The Volume procedure allows the system to interpret multiple pix files in a sequence as a volume of pixels. When an object is assigned a shader with its color set to a volumetric texture, and "mapping" is set to "volumetric," the object will appear to cut through a cube formed by stacking the pix files up. X, Y, and Z on the surface are mapped to U,V, and pixfile number. The size of the cube is defined by the texture transform.

When used as a subtexture of the "Ball" texture, "mapping" should be set to "directional." In this case, the pix file sequence should be set to a sequence of ball images photographed from equal angles around the ball. The volume then maps U,V, View_Direction to U,V, Pixfile number.

Argument Name	Absolute Range	Useful Range	Default	Description
from	1-1024	1-1024	1	The extension number of the first pix file in the sequence of pix files that makes up the pixel volume
to	1-1024	1-1024	1	The extension number of the last pix file in the sequence of pix files that makes up the pixel volume.
pix_sequence	---	---	---	The name of the first pix file of the sequence of pix files that make up the pixel volume.
mapping	directional, volumetric	directional, volumetric		The method by which UV or XYZ parameters are mapped onto pixel values for the pixel volume.
xripples	0, infinity	0, 100	1.0	Fundamental frequencies for noise function
yripples	0, infinity	0, 100	1.0	" "
zripples	0, infinity	0, 100	1.0	" "
level_min	0, infinity	0, 50	0.0	Minimum allowed level of iteration
level_max	0, infinity	0, 50	20.0	Maximum allowed level of iteration
ratio	0, 1	0, 1	0.707	Ratio for fractal noise
transformation_name			no default.

Environment maps

An environment map is a model of the world as seen from a particular point of view over a viewing angle of 360º. In the Alias System environment maps may be used for two things. For reflection mapping, the environment map is used to store a model of the world around a particular point inside or near a surface.

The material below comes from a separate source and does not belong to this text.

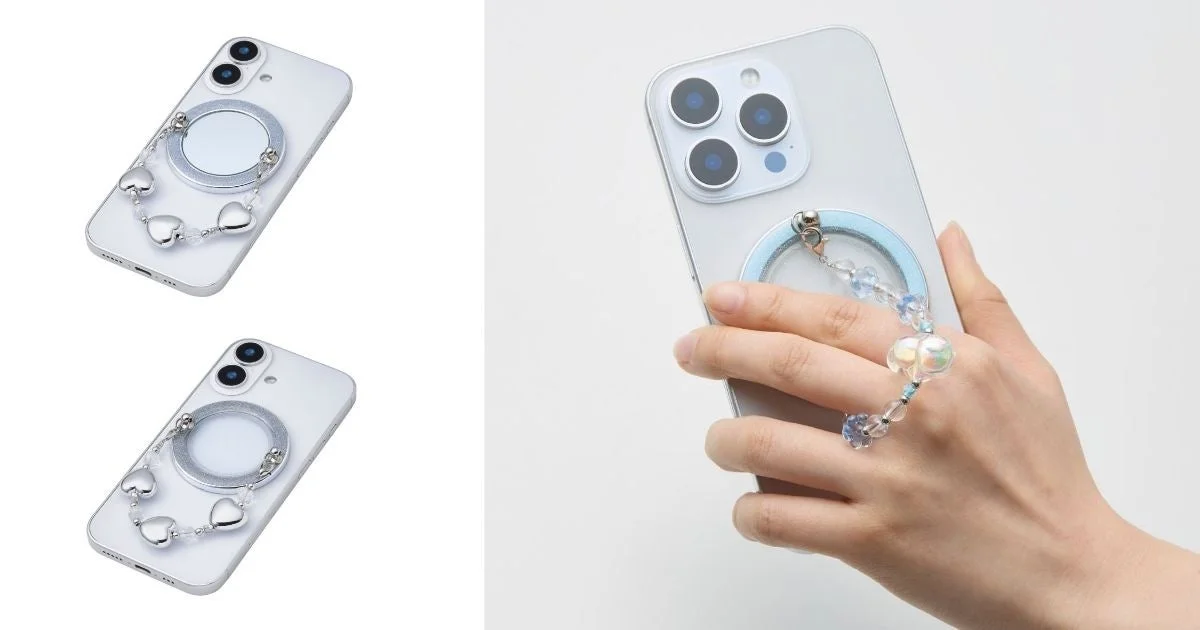スマートフォンに装着されたマグネット式のリングスタンドとストラップアクセサリー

This map is then used to compute the color of a ray reflected by that surface. In this way, convincing reflection effects may be produced.

The syntax for using an environment map to do reflections is as follows. In the DEFINITION section use the following statement as part of a texture on a shader:

	reflection = texture (procedure = name,
			arg 1 = value 1,
			arg 2 = value 2,
			etc. ...);

The second application of environment maps is to create backgrounds. Since an environment map stores a complete view of the world in all directions, any particular view may be computed efficiently. This will only be accurate if the environment map was created around the current eye point. There are several reasons to do this.

First, the environment may be procedural in nature and this is the only way to see it. The "sky" procedure is a good example of this case. Secondly, a scene may be largely static but also very expensive to render. In that case a fast method for animating the camera direction without re-rendering the scene for every frame would be desirable. Moving objects could then be rendered over the top. The "Cube" procedure would be ideal for this approach. The syntax for creating a background from an environment map is as follows. In the ENVIRONMENT section use:

	background = texture (procedure = name,
			arg 1 = value 1,
			arg 2 = value 2,
			etc. ...);

Environment Maps and Transformations

An environment map exists in an environment space coordinate system. The default for all environments in the Alias System is to have the environment space aligned with world space. Certain applications require the ability to rotate the environment map relative to world space. In particular, an object, lights and camera may be fixed relative to each other and the environment map tumbled. The syntax for this is identical to the coordinate transformations used with solid textures.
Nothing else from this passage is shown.